#### ABOUT THIS TASK
Repeat the data below in full. Pictures must not be part of the copy.

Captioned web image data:
⟨
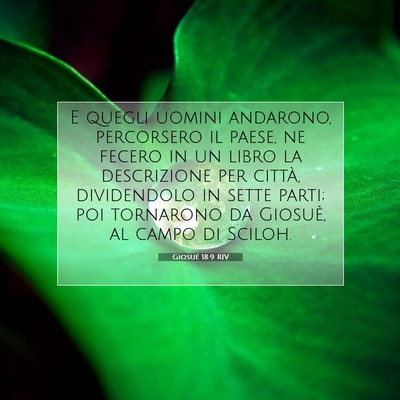 Giosué 18:9 Versetto della Bibbia Spiegato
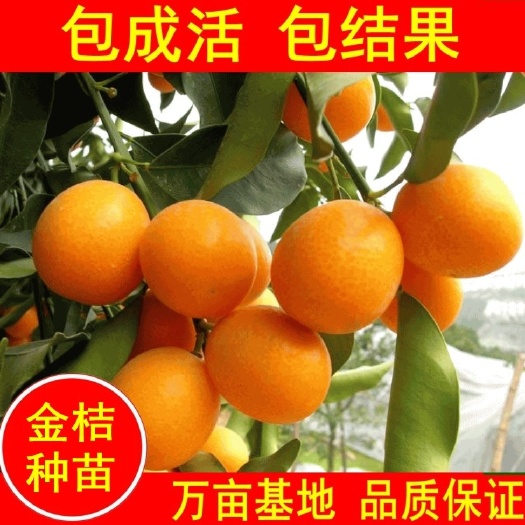平邑县脆皮金桔苗  嫁接金桔树苗，当年结果橘子苗，视频看货，基地直供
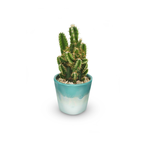 Mini San Pedro Cactus Plant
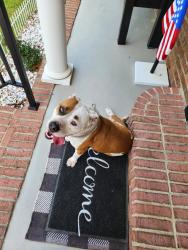 Found/Stray Female Dog last seen Leaning Pine Trail and Ball Park Road, Lexington County, SC 29072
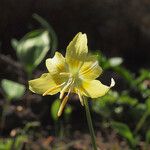 Erythronium grandiflorum Blüte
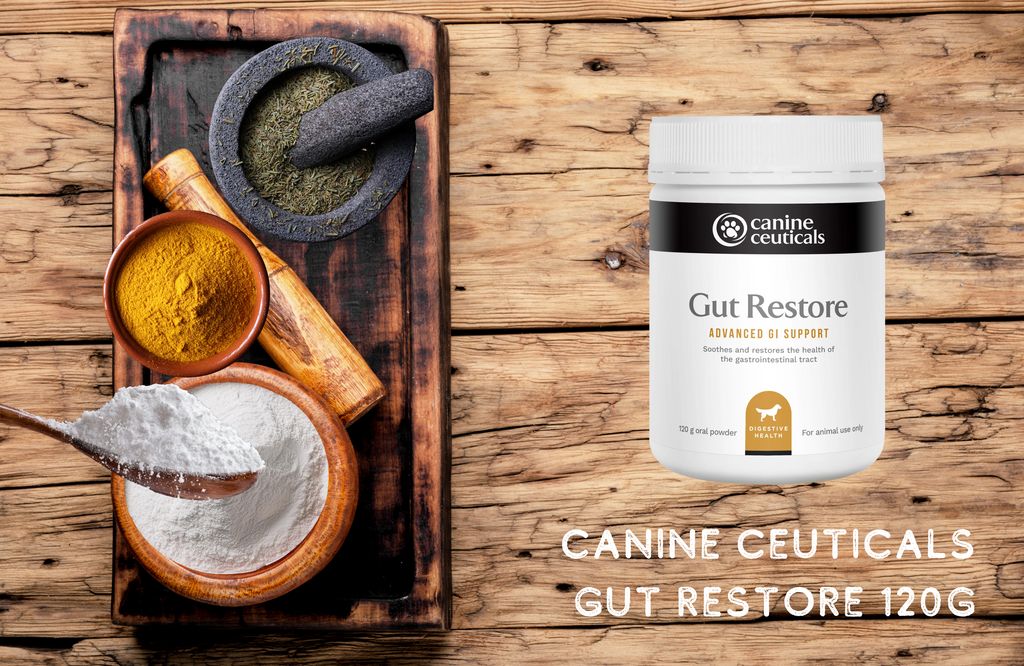 Canine Ceuticals Gut Restore 100g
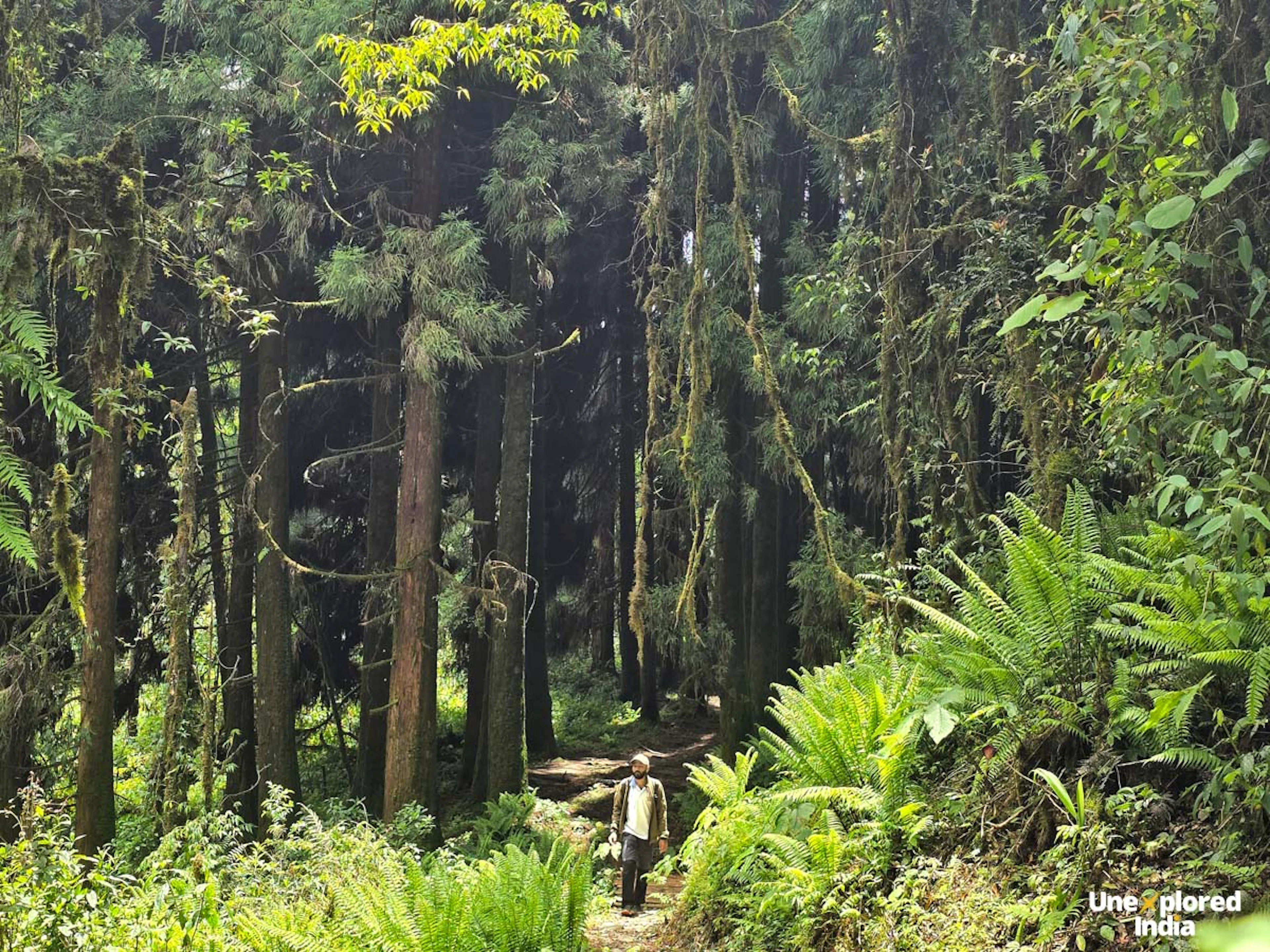 Fambong Lho Wildlife Sanctuary pine forest walk Sikkim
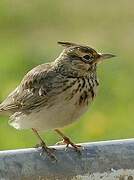 Crested Lark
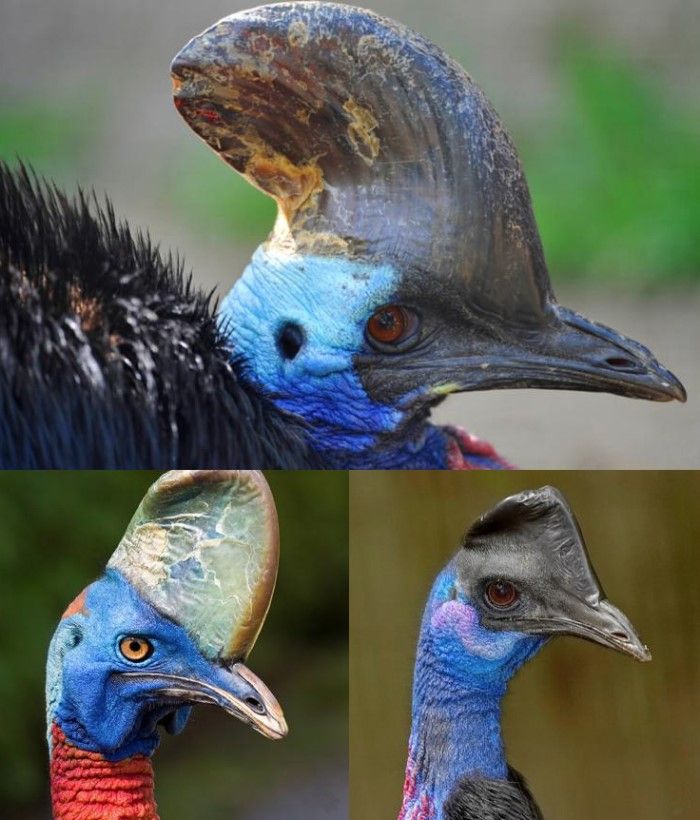 cassowary kuşu türleri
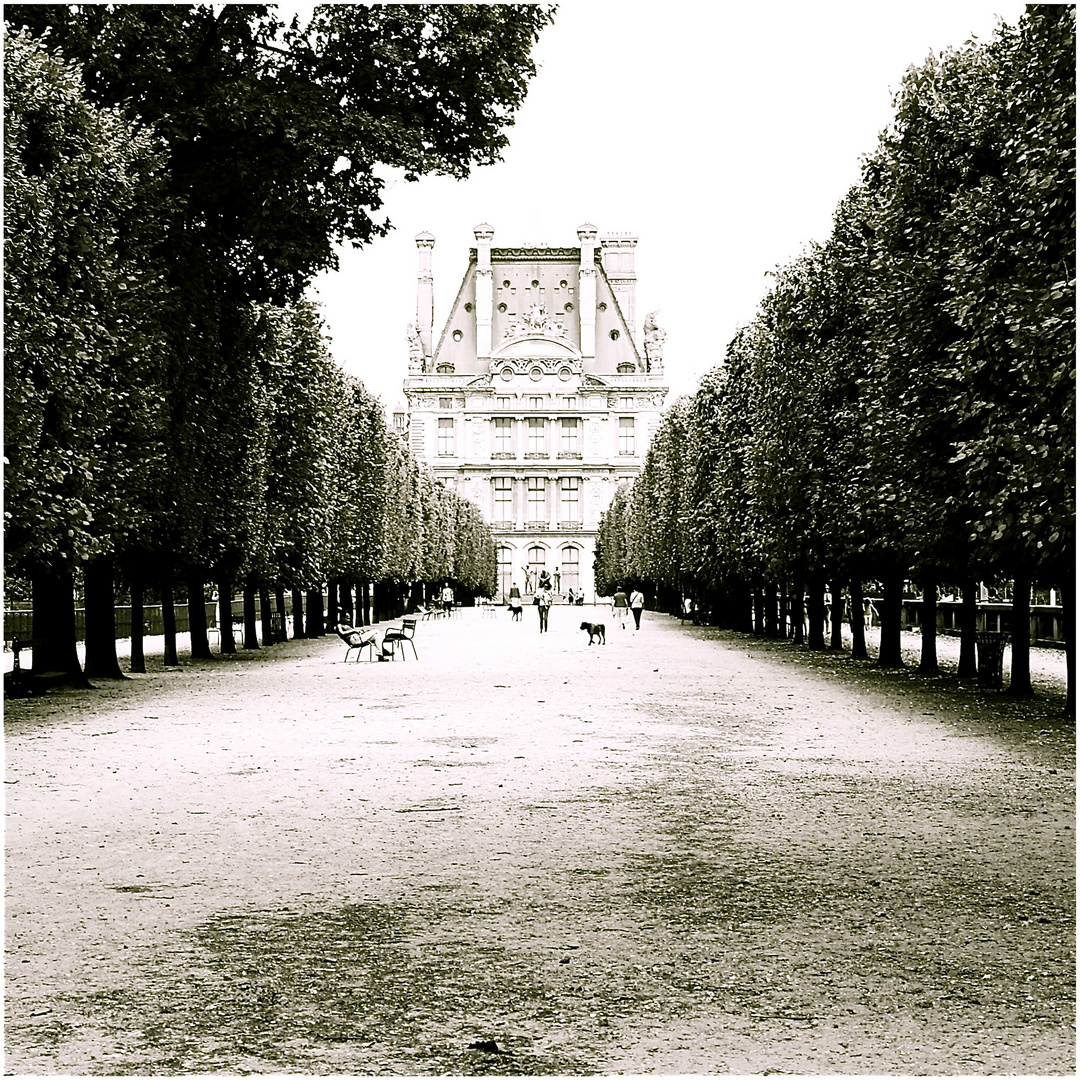 jardin des tuileries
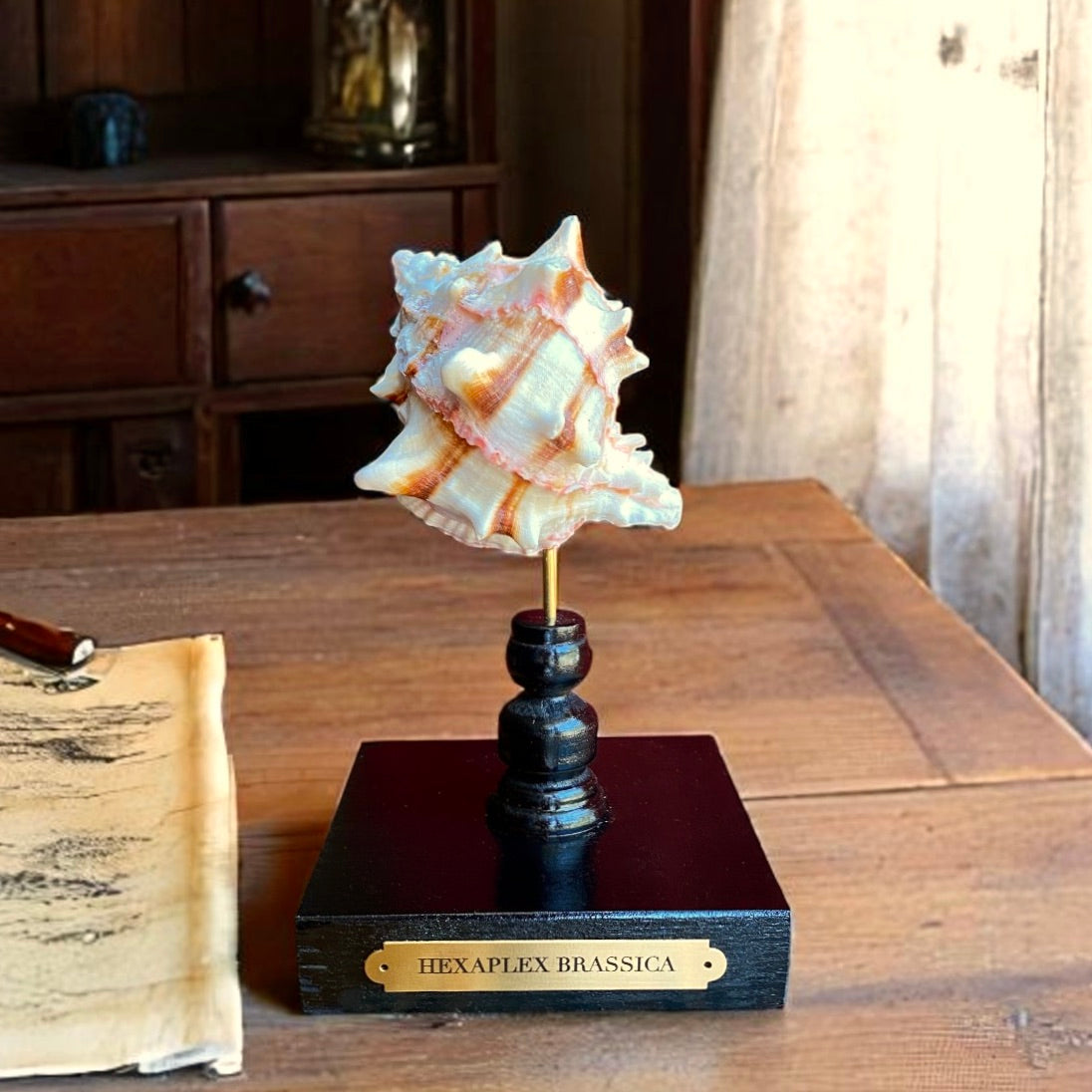 Mounted Murex Shell Sculpture, Sea Shell on Stand, Ocean Lover Gift, Elegant Coastal Decor, Beach House Gift, Nautical Marine Home Accent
⟩
#### SOLUTION
 Giosué 18:9 Versetto della Bibbia Spiegato
平邑县脆皮金桔苗  嫁接金桔树苗，当年结果橘子苗，视频看货，基地直供
 Mini San Pedro Cactus Plant
 Found/Stray Female Dog last seen Leaning Pine Trail and Ball Park Road, Lexington County, SC 29072
 Erythronium grandiflorum Blüte
 Canine Ceuticals Gut Restore 100g
 Fambong Lho Wildlife Sanctuary pine forest walk Sikkim
 Crested Lark
 cassowary kuşu türleri
 jardin des tuileries
 Mounted Murex Shell Sculpture, Sea Shell on Stand, Ocean Lover Gift, Elegant Coastal Decor, Beach House Gift, Nautical Marine Home Accent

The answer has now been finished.